I guess that
this battle is going to be one of those never ending battles that will rival
the 100 year war before it is over. It
is an interesting “rum war” with so many different tactics that continue to
keep both sides in the press almost weekly.
It's a fight
over ownership, heritage, revolution and rum.
It's a dispute that has lasted for decades over who is a
"real" Cuban, and pits US rum powerhouse Bacardi against French
spirits giant Pernod Ricard and its association with the Castro regime to
produce Havana Club, the best known Cuban brand. It involves court battles over trademarks,
legislation in the US Congress, and deep feelings of nostalgia and loss.
Bacardi has
launched an all-out marketing offensive to stake its claim to the US market for
its version of Havana Club, made with the original recipe purchased in 1994
from the brand's founders, the Arechebala family.
But Pernod
Ricard insists its Havana Club is the authentic version since it is distilled
in Cuba with 100 percent Cuban ingredients.
"Pernod Ricard joined forces with the government in order to get
profits from that stolen property," Bacardi brand executive Roberto
Ramirez told AFP. The Castro
government's Cuba Ron SA swooped in and registered the name with US
authorities, but because of the US trade embargo against the island nation
could not sell Havana Club to the key American market.
Bacardi began selling its Havana Club in 1995, produced
in Puerto Rico and sold in the US market with the slogan: "Forced from
home.
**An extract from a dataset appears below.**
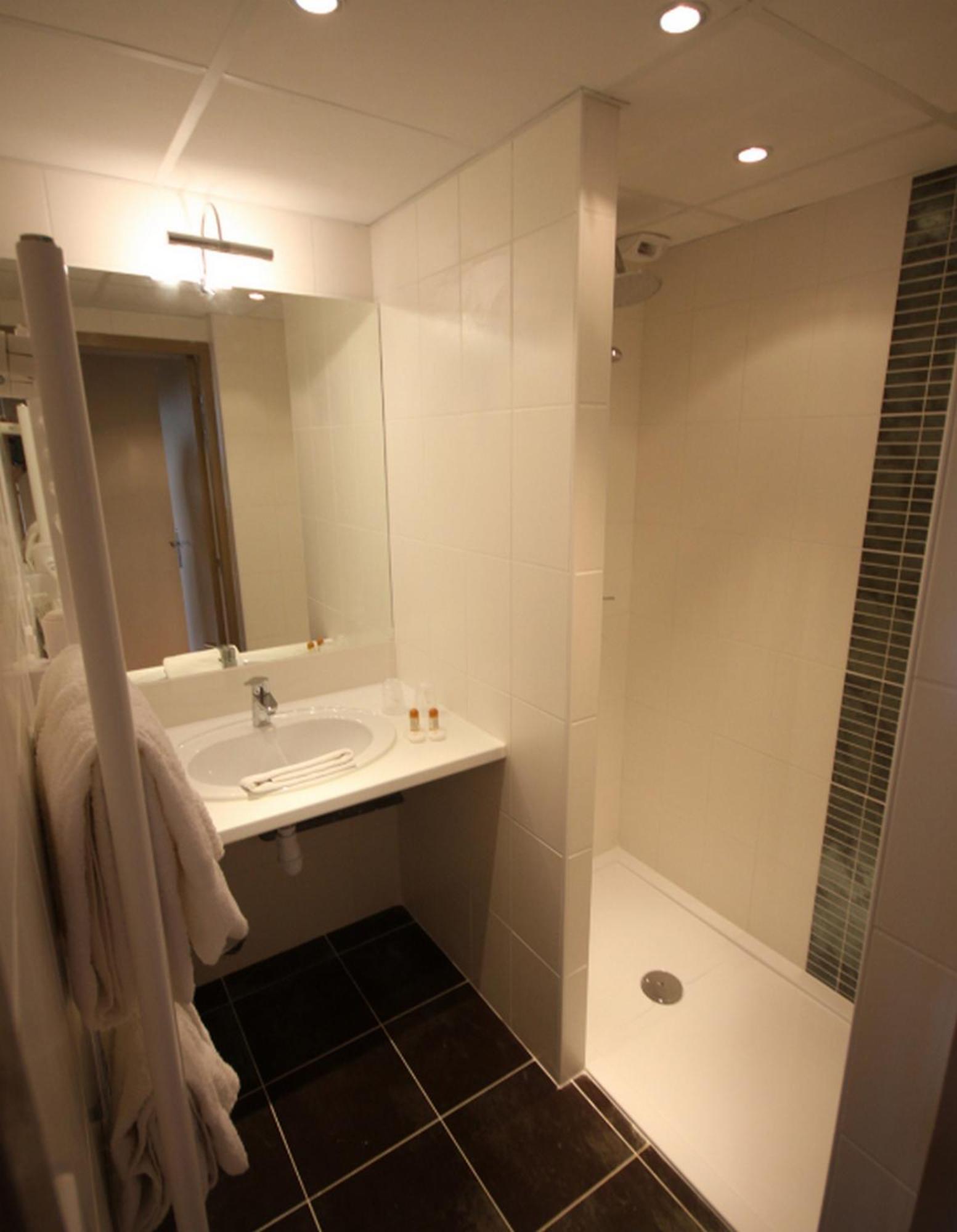 Hotel Logis Le Cadusia Chaource Zewnętrze zdjęcie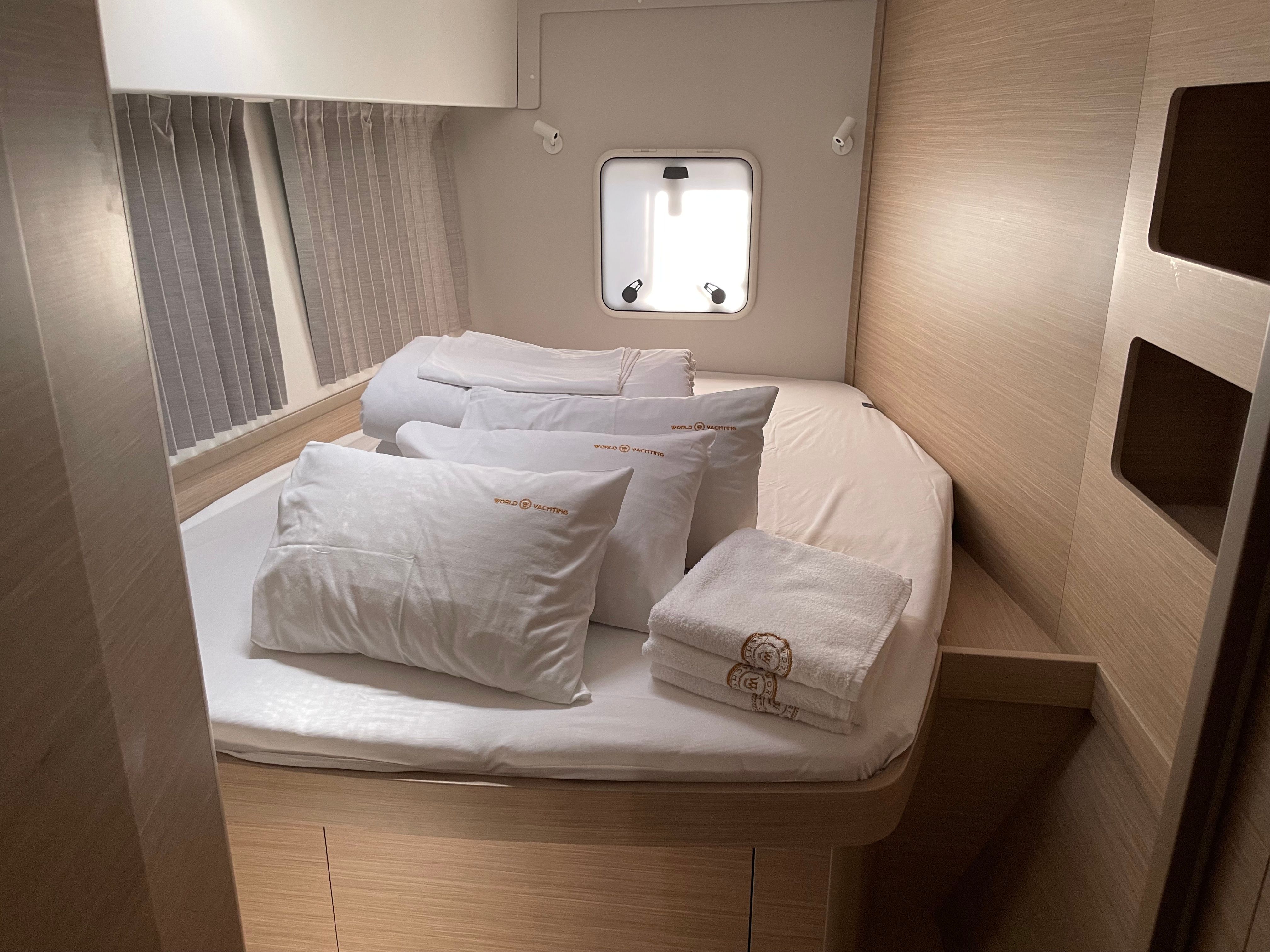 Lagoon 42 | Tigeer Royale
Aged in Exile. Forever Cuban."
The Arechebala and Bacardi families were forced from home in the
aftermath of Castro's revolution and had all their assets seized, including
their rum-making factories. While
Bacardi had already established distilleries offshore, including in Puerto
Rico, the Arechebalas, who had been making Havana Club since 1934, and
distilling rum for decades before that, did not have the resources to start
over, so their US trademark lapsed in 1974.
Since 1993, the Cuban company has been co-owned with
Pernod Ricard, the world's number two spirits maker, which sued Bacardi for
using the trademark. The firm dismisses
the Puerto Rican version as an upstart and says Bacardi is misleading consumers
with "false claims" they are the original Havana Club.
“Don't tell us we're not Cuban”. Bacardi has hit back hard, defending its
Cuban roots and its authentic recipe. It also has the support of legislators
from Florida who proposed a new law to ban the US from recognizing trademarks
stolen by the Castro government. In
January, the rum maker released a campaign featuring a Cuban-American walking
through Miami's little Havana -- or real Havana? -- reciting a poem about home. "Forced to leave home, but home never
leaves us. Wherever exile takes us... We walk carrying the musica of our island
and the amber rum born from it," the poem says.